At $350,000 or more, says Lauer, staging might mean more extensive costs, though she advises against going too far. "I'm not a huge fan of lots of smells," she says, dismayed by people who light aromatic candles or over-spray scents. "Basically, half the people these days have allergies," she says. "And the first words out of your buyer's mouth is, 'What are they hiding?'"
"What's your budget?" is among the first questions Carolyn Bryant asks sellers about staging. A broker for Restaino & Associates Realtors and manager of its Monroe Street branch, Bryant says staging fundamentals like depersonalizing your home can cost little more than time and effort. "If you have too many personal things and knickknacks and photos and things like that," Bryant explains, "a buyer won't be concentrating on the home - the flow of the home, the bones of the home, how the home can serve their purposes."
The house should, however, be "warm and welcoming," Bryant adds. Bryant's clients jot her suggestions on yellow legal pads: larger lamps here, smaller lamps there, paint this, clean the garage, move that couch from this overfurnished room to complement the décor in that underfurnished space. Kitchen appliances and bathroom fixtures should glisten, Bryant emphasizes. Faucets shouldn't drip.
She tells sellers that not staging a home puts it at risk of languishing longer on the market. "You probably lose the best buyers up front," she says. "You may even lose value."
Bryant advises clients to store most of their belongings in labeled tote boxes in their basement or garage. "It makes it easier on moving day, when all these things are already packed," Bryant explains, "and it makes the house show better."
She sometimes draws on a reserve of her own staging supplies - spanning traditional to contemporary - to add to a client's mix and "make it pop." "If we need to," she adds, "we go shopping."
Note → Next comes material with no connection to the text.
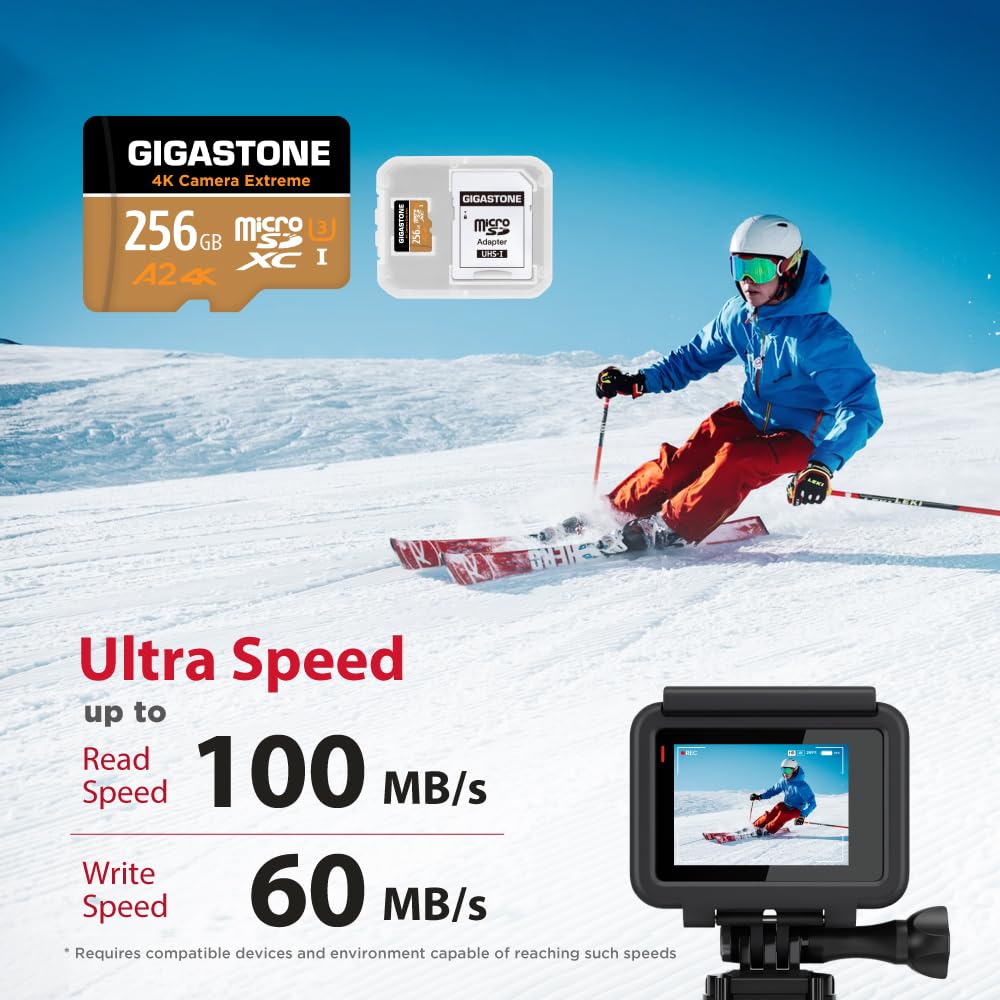 ?5-Years Data Recovery? GIGASTONE 256GB Micro SD Card, 4K Camera Extreme, MicroSDXC Memory Card for Switch, GoPro, Action Camera, DJI, R/W up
One home, for example, had an enormous walk-in closet with a window curtained by clothes hanging from a rod. Bryant urged her client to trade the rod for a storage bench. By her next visit, "they had two lovely leather storage benches" for the clothes. The window admitted more light, making the closet appear more organized and spacious.
Depending on the house, the seller's aptitudes and means, the market, and the urgency to sell, Bryant's staging recommendations may also include hiring professional window cleaners, carpet cleaners and house cleaners before putting the house on the market.
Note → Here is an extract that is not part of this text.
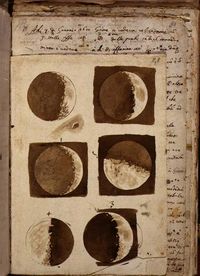 First ever drawings of the moon made by Galileo Galeili after observing it through his telescope in 1609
The payoff can be dramatic. Bryant recalls one client who invested $3,000, five months and his own sweat equity in the task list she assigned him. The home sold its second day on the market, for about $30,000 more than its projected pre-staging price point.
That's an extreme example, but anything from buying pewter door handles to yanking stale carpets, putting new covers on all your outlets or spending $2,000 to have your floors sanded can contribute toward favorable first impressions. "You only get one chance to make that first impression," Bryant says. In a buyer's market, first impressions are critical.
Staging does run the risk of inducing a mild case of seller's remorse, she notes. Upon staging a room, she has had clients exclaim: "Where were you 10 years ago when I moved in?"